Executives at the trucking firms listed in the tables above can use FHR and CHS to assess the current state of their business, Gellert said. They can determine if the scores are acceptable to management, shareholders, and prospective or current customers, compared to other options the customers have.
Shippers, 3PLs and independent carriers can use the results for competitive analysis, to determine with which firms they want to partner. Shippers looking for long-term stability and contracts may be more inclined to choose a provider with a higher core health score.

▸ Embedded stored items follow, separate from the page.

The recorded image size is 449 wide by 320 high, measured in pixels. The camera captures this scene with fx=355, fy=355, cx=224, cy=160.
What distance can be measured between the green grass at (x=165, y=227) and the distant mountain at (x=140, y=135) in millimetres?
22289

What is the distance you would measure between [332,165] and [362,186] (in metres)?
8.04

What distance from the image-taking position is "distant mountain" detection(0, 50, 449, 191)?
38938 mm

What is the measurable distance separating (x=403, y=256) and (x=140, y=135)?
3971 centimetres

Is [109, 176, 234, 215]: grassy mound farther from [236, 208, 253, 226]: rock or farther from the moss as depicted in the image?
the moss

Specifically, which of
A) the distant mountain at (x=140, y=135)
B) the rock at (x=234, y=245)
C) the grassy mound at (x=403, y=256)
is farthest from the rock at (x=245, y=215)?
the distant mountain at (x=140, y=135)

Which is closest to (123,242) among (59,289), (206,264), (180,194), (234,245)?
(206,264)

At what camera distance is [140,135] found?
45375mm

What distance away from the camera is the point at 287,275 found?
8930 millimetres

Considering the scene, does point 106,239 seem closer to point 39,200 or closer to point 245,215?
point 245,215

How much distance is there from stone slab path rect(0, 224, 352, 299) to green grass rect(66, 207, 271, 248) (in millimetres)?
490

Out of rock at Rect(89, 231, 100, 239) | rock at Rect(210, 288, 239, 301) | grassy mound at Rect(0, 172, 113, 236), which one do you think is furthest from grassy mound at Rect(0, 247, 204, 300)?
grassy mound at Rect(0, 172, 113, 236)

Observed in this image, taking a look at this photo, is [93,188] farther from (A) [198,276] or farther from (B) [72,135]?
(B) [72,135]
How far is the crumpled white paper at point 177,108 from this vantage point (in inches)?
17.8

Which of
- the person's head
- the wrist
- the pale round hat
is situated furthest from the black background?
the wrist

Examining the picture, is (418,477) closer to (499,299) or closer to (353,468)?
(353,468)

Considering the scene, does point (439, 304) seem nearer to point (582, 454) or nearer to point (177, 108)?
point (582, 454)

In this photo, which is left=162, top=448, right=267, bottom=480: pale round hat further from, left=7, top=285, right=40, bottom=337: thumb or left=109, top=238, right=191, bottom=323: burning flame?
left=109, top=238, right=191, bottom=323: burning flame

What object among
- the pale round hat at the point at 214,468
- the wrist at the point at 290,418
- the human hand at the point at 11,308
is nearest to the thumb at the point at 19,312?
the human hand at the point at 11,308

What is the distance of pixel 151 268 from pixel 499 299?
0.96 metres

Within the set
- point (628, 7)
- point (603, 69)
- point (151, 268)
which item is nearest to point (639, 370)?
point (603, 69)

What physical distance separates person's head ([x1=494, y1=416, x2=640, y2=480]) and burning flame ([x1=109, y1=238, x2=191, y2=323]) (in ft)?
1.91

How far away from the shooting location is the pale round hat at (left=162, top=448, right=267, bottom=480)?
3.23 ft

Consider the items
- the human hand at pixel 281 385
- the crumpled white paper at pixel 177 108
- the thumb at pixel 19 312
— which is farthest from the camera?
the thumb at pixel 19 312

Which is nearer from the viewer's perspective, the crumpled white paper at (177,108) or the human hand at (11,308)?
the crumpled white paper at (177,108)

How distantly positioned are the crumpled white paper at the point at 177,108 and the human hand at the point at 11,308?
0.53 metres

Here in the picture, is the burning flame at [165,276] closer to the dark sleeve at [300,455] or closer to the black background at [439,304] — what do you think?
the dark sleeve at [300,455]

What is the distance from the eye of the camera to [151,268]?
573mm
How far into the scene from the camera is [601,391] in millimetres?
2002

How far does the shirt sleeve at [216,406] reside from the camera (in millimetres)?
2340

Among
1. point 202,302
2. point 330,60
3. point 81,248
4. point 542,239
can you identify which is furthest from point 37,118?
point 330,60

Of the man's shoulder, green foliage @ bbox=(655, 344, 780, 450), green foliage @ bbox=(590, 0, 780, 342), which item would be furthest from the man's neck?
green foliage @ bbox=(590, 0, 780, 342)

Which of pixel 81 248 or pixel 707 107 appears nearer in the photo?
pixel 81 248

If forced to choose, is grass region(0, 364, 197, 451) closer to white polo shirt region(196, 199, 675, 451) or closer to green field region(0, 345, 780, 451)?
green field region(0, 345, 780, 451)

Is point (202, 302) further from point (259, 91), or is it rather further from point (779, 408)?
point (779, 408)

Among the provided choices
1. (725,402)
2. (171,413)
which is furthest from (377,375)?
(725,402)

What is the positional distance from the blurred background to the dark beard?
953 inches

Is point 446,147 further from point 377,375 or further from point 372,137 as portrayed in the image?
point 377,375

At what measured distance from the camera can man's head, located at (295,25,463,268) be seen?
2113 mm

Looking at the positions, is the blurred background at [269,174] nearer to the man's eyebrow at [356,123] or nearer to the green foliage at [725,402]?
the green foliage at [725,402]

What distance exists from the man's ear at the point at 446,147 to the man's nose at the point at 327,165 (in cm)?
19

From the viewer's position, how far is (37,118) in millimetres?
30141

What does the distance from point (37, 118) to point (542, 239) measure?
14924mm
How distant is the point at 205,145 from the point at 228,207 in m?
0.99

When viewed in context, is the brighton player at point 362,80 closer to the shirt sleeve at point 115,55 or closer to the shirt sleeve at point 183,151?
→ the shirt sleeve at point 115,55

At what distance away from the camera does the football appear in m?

"No one wants to sign a five-year deal with a company with a weak core health," Gellert said. "But they might sign a one-year deal with a weak core health company if the financial health is high enough."
That dichotomy is particularly relevant in trucking. Shippers looking to the spot market won't put a lot of stake into core health, because short-term problems are unlikely. But with dedicated freight, longer-term health becomes a greater consideration.

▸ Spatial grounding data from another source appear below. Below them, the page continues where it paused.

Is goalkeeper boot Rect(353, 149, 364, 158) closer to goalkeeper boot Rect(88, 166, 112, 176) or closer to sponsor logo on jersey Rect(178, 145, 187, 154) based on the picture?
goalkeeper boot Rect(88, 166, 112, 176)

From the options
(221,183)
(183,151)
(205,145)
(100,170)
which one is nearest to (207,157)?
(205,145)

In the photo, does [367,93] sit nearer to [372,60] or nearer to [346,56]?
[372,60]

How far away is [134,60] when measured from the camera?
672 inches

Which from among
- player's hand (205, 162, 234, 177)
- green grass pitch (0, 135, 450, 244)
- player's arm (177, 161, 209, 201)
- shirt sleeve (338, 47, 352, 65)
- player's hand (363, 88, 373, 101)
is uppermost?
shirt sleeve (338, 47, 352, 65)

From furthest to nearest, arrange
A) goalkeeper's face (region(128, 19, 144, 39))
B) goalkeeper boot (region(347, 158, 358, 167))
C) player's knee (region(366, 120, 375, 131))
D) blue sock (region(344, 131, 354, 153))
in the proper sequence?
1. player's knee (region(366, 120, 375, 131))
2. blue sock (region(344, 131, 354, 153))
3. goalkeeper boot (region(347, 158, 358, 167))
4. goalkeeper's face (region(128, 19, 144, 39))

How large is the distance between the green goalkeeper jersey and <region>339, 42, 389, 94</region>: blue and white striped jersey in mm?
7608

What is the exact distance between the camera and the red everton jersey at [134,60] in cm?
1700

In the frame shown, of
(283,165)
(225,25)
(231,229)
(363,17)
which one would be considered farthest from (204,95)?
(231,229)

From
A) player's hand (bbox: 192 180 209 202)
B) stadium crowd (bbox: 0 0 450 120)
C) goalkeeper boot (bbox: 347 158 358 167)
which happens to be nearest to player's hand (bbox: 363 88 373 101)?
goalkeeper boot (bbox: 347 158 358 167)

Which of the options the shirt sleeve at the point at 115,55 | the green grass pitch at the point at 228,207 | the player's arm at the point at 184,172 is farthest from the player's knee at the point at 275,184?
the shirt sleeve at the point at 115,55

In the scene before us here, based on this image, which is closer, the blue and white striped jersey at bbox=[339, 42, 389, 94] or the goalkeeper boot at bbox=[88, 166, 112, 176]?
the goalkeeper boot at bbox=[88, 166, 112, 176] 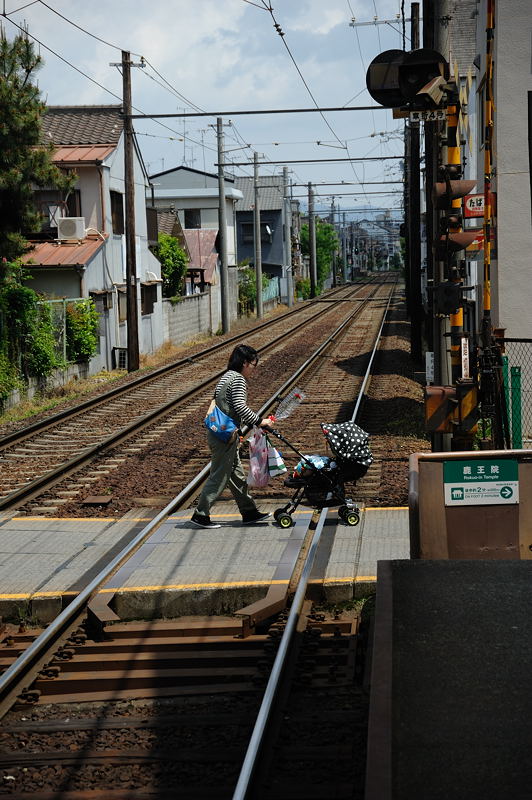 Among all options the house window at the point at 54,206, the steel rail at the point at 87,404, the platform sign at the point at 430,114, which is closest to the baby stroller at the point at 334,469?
the platform sign at the point at 430,114

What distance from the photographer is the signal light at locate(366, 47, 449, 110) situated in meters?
9.29

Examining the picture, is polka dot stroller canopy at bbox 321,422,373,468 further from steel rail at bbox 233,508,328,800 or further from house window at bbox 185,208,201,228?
house window at bbox 185,208,201,228

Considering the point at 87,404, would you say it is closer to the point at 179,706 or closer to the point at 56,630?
the point at 56,630

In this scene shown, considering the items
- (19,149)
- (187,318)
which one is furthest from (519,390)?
(187,318)

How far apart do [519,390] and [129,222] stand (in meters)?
16.5

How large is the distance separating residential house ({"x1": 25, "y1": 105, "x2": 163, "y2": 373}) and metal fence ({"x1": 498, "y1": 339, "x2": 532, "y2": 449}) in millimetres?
14245

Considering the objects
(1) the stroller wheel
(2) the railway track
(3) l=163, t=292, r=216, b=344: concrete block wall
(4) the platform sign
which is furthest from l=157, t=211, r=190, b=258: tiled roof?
(2) the railway track

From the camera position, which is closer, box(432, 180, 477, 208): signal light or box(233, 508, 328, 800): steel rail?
box(233, 508, 328, 800): steel rail

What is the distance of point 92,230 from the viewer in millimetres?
29609

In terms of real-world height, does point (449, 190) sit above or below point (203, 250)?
below

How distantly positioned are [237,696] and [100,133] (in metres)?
28.1

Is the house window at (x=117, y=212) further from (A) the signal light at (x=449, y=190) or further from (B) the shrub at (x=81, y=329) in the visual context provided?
(A) the signal light at (x=449, y=190)

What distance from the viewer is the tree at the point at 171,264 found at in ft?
152

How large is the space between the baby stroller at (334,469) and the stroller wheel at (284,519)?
0.13ft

Technology vendors may also want to take a closer look at companies with strong scores, as those firms will more likely have the cash flow to invest in software or hardware.
Financial resilience and company efficiency are especially important in the current freight landscape. Supply chain disruption — whether it's a lack of drivers or a flood of volume from jampacked railroads — will have a greater impact on firms with lower scores than those with higher ones who are more able to adjust to ebbs and flows of the external environment.
Historically, more than 90% of companies that have failed over the last two decades have had ratings below 40, Gellert said.
"That does not mean that a company that is a 39 is going to fail. But it does mean that the propensity for failure is higher," he said.
Methodology: Transport firms were selected based on Transport Topics' Top 100 For-Hire rankings, with a focus on companies with owned assets. FHR and CHS assess publicly-traded companies.